§ Supplied material
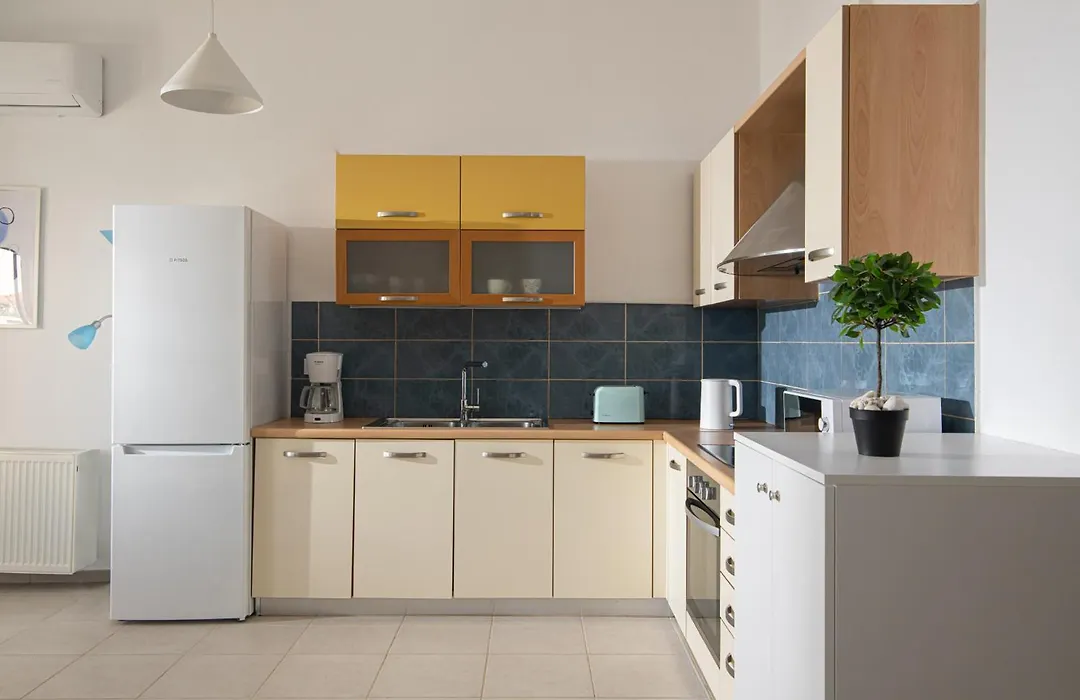 Diamanti Residence Beachfront Blue Apt-Ligaria-1
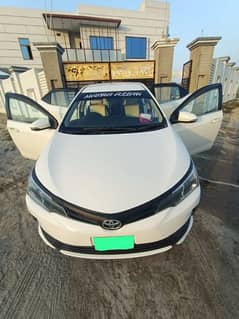 Toyota Corolla gli 2018 color white for sa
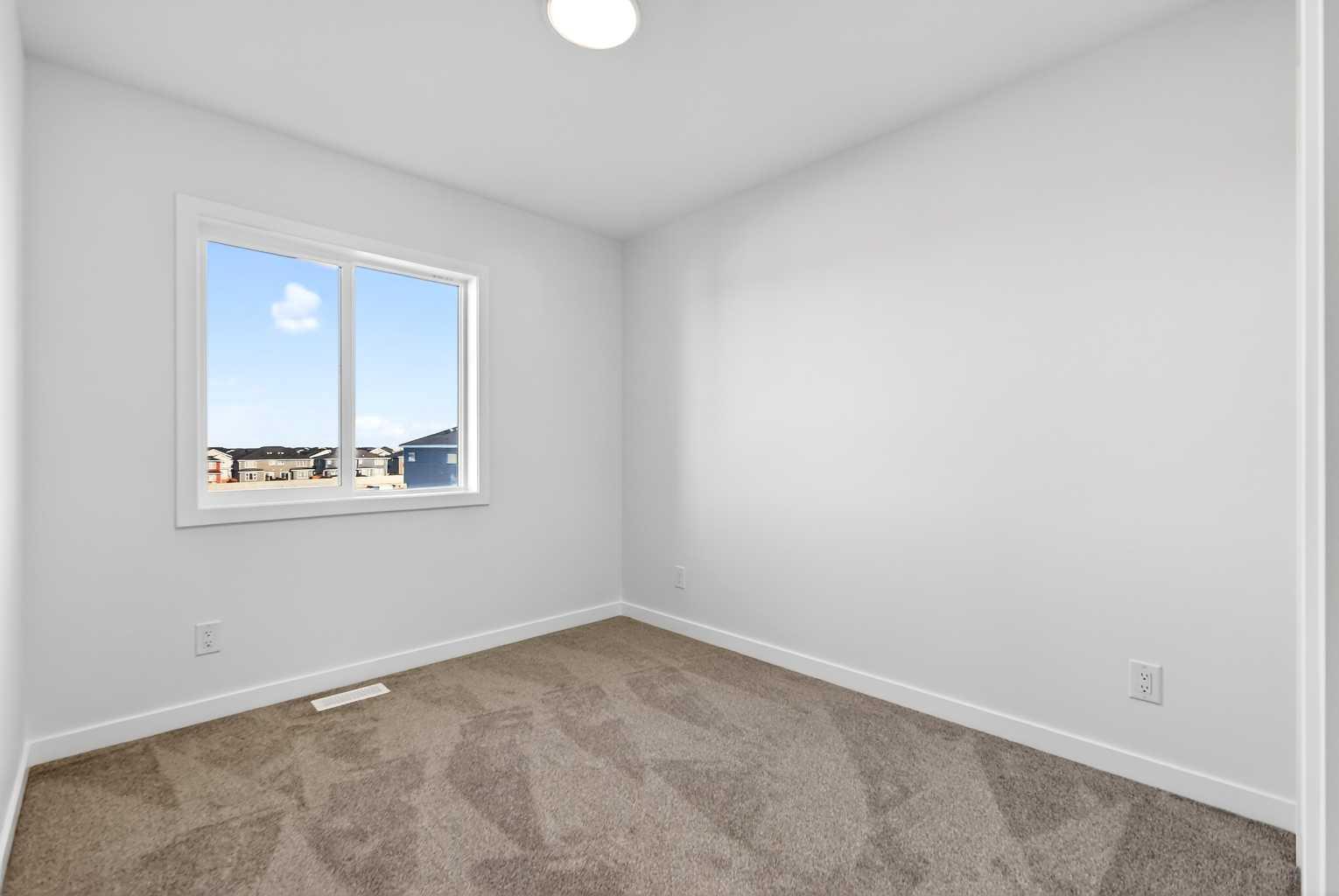 12 Hotchkiss Parade SE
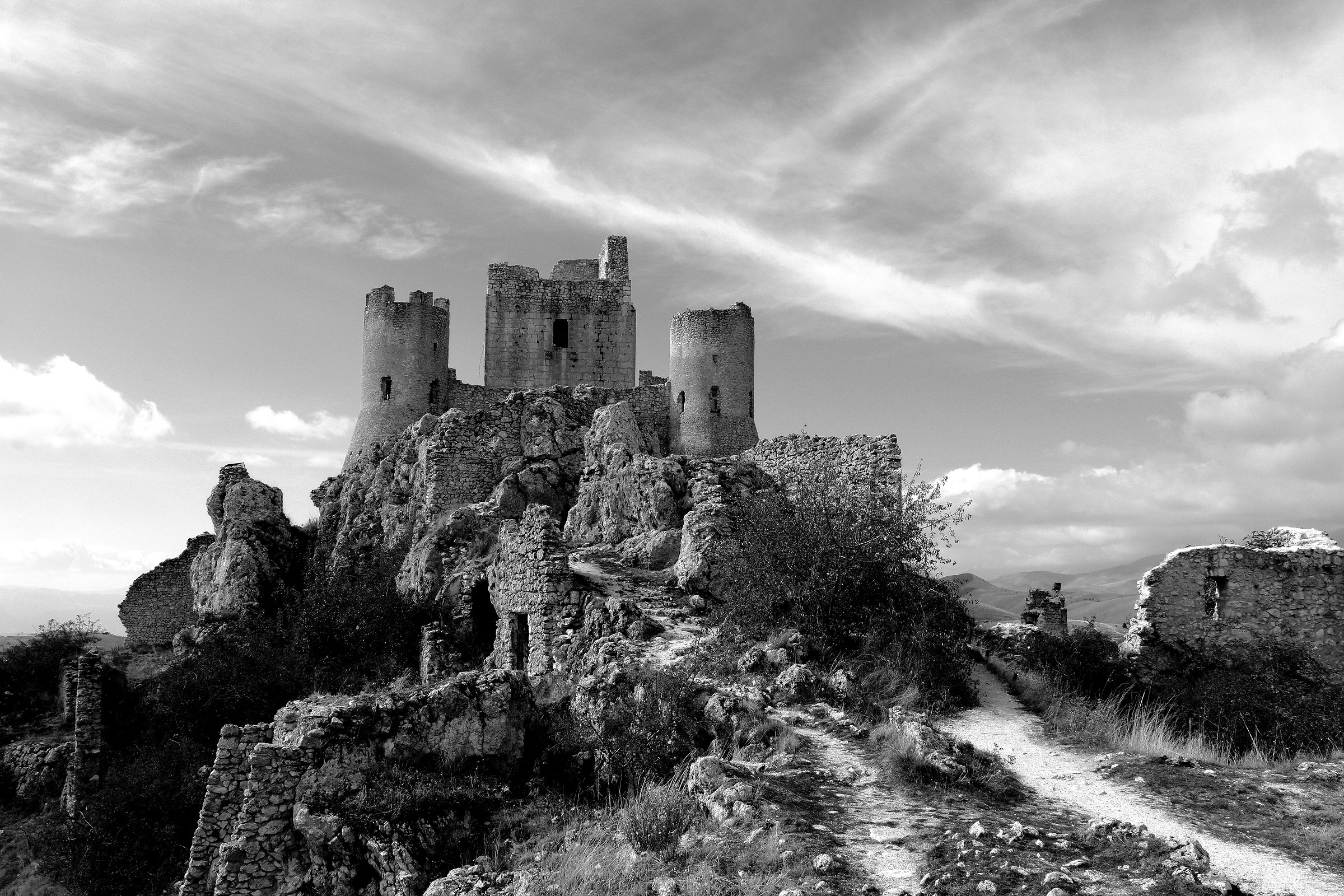 rock rocks calascio 2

§ Directions for this task
Reproduce the whole of the data, word for word, and omit its pictures.

§ Answer to the exercise
 Diamanti Residence Beachfront Blue Apt-Ligaria-1
 Toyota Corolla gli 2018 color white for sa
 12 Hotchkiss Parade SE
 rock rocks calascio 2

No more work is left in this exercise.